■ Task item ■
Lines holding the string "Fashion": copy each one from the listing below.
»»
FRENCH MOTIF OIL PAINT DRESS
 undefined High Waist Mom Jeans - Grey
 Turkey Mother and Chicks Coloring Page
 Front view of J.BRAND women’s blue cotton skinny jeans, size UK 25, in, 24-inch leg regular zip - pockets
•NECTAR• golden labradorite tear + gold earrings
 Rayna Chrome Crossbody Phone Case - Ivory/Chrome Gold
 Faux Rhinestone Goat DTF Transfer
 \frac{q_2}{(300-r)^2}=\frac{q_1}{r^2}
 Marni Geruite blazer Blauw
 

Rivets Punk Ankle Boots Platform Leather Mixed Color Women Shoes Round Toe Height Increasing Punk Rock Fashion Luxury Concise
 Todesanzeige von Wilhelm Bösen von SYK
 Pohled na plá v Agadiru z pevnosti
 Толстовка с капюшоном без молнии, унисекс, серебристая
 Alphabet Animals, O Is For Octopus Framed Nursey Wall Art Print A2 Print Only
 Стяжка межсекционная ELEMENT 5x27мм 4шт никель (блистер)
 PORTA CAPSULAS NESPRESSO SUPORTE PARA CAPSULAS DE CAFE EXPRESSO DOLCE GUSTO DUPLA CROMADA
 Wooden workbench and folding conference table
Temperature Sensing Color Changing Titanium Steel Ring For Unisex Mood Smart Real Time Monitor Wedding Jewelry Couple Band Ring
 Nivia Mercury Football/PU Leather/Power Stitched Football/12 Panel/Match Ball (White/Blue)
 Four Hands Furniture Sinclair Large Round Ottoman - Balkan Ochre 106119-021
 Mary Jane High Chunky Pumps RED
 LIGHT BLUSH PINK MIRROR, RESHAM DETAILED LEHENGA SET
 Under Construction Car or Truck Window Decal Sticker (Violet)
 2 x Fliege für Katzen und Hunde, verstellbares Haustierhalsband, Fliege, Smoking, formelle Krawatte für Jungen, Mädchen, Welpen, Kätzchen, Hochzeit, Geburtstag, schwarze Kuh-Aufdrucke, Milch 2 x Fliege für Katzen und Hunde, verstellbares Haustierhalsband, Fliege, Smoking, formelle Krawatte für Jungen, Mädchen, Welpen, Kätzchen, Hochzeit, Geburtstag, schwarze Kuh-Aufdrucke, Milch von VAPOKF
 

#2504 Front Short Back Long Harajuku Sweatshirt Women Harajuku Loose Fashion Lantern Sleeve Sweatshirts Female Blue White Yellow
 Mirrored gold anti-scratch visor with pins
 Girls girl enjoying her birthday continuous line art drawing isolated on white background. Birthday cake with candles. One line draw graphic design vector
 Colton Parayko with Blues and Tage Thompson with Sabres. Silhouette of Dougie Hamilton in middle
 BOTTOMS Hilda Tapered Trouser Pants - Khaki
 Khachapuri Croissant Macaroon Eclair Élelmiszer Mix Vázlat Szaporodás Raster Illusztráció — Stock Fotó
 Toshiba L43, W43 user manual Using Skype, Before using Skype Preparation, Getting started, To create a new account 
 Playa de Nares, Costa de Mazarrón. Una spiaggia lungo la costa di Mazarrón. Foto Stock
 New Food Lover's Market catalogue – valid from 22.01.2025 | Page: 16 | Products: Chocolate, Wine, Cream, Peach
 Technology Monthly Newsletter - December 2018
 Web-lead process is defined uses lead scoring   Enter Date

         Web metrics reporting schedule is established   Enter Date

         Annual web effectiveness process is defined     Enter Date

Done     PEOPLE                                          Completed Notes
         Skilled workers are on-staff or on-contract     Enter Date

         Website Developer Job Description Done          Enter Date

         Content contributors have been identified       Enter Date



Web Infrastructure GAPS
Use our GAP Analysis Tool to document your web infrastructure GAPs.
««
■ Exercise output ■
Rivets Punk Ankle Boots Platform Leather Mixed Color Women Shoes Round Toe Height Increasing Punk Rock Fashion Luxury Concise
#2504 Front Short Back Long Harajuku Sweatshirt Women Harajuku Loose Fashion Lantern Sleeve Sweatshirts Female Blue White Yellow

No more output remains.